● The task:
The first line of the data below and every line after it, through the one with "A deserted Princes", must be transcribed without change.

[Short text fragments from websites]
━━━━━━

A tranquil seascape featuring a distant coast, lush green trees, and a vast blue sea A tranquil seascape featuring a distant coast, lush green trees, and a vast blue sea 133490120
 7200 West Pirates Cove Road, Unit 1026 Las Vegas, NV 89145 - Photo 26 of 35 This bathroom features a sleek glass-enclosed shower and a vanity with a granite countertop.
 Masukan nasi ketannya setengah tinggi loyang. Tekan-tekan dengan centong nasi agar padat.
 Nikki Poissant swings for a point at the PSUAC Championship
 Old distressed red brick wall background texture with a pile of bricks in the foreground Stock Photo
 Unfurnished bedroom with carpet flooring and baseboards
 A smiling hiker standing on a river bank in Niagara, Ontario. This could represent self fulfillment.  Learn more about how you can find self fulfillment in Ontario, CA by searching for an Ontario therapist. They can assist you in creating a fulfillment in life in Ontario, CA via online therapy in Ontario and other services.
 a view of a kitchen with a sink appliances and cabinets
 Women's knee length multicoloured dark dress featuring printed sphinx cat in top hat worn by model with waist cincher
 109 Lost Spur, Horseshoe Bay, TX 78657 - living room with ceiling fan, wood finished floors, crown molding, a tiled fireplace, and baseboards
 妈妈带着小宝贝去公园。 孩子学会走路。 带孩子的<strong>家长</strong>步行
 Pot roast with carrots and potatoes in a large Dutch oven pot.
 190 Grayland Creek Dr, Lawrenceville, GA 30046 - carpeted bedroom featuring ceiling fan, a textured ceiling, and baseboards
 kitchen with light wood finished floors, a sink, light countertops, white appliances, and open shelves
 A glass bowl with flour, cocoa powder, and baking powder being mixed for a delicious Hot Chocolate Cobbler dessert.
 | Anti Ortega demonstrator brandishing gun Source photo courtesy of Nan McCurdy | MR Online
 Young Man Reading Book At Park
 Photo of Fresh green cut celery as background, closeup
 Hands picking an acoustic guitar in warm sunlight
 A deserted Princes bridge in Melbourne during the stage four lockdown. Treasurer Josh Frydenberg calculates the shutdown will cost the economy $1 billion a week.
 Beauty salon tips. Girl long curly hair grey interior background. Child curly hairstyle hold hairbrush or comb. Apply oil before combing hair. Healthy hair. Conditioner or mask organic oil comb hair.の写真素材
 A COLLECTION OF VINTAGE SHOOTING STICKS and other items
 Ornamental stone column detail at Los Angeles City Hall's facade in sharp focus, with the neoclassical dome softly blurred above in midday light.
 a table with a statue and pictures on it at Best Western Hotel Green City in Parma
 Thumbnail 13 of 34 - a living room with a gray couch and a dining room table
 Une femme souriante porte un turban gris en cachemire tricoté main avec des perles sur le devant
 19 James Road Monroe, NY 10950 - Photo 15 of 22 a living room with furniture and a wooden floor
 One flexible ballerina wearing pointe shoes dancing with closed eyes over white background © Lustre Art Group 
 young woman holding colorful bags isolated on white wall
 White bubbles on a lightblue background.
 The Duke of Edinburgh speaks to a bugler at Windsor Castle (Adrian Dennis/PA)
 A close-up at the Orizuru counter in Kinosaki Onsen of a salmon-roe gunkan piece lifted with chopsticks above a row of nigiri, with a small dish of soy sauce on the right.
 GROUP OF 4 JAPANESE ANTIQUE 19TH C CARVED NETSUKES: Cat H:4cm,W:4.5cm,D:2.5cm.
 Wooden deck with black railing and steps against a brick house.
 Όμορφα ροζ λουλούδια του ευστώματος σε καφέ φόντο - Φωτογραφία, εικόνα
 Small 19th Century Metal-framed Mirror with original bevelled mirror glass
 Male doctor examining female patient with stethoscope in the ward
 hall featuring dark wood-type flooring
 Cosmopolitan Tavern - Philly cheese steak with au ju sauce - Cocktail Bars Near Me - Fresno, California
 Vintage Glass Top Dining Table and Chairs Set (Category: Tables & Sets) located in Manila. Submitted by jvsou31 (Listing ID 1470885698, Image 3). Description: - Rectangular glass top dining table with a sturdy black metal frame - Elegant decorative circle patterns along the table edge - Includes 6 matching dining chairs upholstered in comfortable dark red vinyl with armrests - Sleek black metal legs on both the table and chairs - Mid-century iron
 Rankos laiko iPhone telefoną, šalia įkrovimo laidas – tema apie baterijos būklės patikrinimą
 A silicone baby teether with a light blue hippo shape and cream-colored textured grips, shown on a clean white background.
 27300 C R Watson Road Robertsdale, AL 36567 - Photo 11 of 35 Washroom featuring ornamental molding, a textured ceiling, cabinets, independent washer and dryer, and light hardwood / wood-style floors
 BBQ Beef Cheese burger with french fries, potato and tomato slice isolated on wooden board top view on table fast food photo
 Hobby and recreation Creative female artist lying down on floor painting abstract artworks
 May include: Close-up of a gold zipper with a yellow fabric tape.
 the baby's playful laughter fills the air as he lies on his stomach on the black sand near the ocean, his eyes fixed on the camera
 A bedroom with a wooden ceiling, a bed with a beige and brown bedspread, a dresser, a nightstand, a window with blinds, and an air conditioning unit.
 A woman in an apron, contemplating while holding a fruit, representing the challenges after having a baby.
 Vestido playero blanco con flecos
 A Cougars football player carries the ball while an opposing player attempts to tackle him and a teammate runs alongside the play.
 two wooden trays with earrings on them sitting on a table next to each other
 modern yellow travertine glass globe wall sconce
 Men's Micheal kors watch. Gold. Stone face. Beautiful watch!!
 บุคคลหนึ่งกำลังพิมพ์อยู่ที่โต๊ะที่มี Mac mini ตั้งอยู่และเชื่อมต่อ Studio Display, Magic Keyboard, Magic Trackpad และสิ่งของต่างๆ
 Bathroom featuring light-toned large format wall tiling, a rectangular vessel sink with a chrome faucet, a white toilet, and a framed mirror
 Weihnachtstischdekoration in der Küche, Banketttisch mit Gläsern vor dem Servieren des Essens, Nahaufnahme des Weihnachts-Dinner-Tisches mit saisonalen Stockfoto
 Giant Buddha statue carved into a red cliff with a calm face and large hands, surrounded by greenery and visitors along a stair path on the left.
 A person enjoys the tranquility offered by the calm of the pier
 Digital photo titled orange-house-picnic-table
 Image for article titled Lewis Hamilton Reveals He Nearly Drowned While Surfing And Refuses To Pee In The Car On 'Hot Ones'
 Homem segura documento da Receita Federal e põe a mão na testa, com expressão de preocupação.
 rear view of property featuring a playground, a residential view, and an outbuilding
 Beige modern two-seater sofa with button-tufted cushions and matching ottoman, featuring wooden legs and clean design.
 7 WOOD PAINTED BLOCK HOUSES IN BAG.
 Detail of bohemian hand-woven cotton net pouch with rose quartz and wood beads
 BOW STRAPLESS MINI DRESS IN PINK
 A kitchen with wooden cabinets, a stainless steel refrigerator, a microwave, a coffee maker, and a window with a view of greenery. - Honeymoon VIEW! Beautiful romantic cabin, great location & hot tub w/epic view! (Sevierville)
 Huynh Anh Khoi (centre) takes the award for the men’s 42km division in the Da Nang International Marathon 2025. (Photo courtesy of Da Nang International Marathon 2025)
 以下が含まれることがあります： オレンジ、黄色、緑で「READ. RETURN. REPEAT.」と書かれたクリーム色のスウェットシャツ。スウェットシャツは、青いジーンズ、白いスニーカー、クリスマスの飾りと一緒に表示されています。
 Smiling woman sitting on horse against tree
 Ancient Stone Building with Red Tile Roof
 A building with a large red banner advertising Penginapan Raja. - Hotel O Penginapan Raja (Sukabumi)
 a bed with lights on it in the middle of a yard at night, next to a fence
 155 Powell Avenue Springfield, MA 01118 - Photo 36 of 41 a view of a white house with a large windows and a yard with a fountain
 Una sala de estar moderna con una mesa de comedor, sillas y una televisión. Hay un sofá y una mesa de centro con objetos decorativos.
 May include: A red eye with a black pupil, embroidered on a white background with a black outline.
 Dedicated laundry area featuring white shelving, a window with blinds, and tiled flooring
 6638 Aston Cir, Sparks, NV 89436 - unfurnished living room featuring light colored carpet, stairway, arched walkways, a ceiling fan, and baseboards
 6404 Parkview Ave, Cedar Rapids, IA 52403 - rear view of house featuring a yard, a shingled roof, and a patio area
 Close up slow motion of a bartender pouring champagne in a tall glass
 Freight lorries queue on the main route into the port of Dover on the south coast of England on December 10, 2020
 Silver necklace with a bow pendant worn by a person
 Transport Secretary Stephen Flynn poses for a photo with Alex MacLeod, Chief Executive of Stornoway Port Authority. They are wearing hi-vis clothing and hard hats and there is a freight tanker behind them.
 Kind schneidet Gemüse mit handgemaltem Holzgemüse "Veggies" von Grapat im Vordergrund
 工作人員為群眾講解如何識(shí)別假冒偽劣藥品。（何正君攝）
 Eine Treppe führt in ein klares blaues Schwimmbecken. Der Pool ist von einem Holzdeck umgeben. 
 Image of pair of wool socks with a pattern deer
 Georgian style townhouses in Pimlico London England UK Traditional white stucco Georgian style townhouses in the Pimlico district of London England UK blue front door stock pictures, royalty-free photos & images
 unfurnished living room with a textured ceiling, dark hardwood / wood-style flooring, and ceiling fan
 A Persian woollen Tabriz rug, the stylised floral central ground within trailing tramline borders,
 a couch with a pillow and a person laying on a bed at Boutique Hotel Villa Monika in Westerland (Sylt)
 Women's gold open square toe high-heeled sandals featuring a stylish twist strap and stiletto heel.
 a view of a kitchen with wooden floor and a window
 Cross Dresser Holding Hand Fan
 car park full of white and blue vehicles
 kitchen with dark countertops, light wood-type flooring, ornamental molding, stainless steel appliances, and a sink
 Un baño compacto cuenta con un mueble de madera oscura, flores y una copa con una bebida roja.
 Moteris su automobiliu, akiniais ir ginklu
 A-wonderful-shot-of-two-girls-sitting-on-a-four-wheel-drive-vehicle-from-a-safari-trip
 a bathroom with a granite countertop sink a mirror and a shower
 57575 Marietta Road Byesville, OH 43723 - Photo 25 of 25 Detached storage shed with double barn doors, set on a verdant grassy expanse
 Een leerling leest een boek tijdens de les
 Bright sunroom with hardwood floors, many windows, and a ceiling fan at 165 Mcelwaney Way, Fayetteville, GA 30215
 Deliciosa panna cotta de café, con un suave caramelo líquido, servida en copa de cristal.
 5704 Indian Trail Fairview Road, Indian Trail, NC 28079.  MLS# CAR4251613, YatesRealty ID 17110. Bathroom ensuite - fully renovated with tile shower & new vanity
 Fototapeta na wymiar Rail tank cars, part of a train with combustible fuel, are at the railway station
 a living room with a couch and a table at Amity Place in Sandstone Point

━━━━━━

● Task answer:
A tranquil seascape featuring a distant coast, lush green trees, and a vast blue sea A tranquil seascape featuring a distant coast, lush green trees, and a vast blue sea 133490120
 7200 West Pirates Cove Road, Unit 1026 Las Vegas, NV 89145 - Photo 26 of 35 This bathroom features a sleek glass-enclosed shower and a vanity with a granite countertop.
 Masukan nasi ketannya setengah tinggi loyang. Tekan-tekan dengan centong nasi agar padat.
 Nikki Poissant swings for a point at the PSUAC Championship
 Old distressed red brick wall background texture with a pile of bricks in the foreground Stock Photo
 Unfurnished bedroom with carpet flooring and baseboards
 A smiling hiker standing on a river bank in Niagara, Ontario. This could represent self fulfillment.  Learn more about how you can find self fulfillment in Ontario, CA by searching for an Ontario therapist. They can assist you in creating a fulfillment in life in Ontario, CA via online therapy in Ontario and other services.
 a view of a kitchen with a sink appliances and cabinets
 Women's knee length multicoloured dark dress featuring printed sphinx cat in top hat worn by model with waist cincher
 109 Lost Spur, Horseshoe Bay, TX 78657 - living room with ceiling fan, wood finished floors, crown molding, a tiled fireplace, and baseboards
 妈妈带着小宝贝去公园。 孩子学会走路。 带孩子的<strong>家长</strong>步行
 Pot roast with carrots and potatoes in a large Dutch oven pot.
 190 Grayland Creek Dr, Lawrenceville, GA 30046 - carpeted bedroom featuring ceiling fan, a textured ceiling, and baseboards
 kitchen with light wood finished floors, a sink, light countertops, white appliances, and open shelves
 A glass bowl with flour, cocoa powder, and baking powder being mixed for a delicious Hot Chocolate Cobbler dessert.
 | Anti Ortega demonstrator brandishing gun Source photo courtesy of Nan McCurdy | MR Online
 Young Man Reading Book At Park
 Photo of Fresh green cut celery as background, closeup
 Hands picking an acoustic guitar in warm sunlight
 A deserted Princes bridge in Melbourne during the stage four lockdown. Treasurer Josh Frydenberg calculates the shutdown will cost the economy $1 billion a week.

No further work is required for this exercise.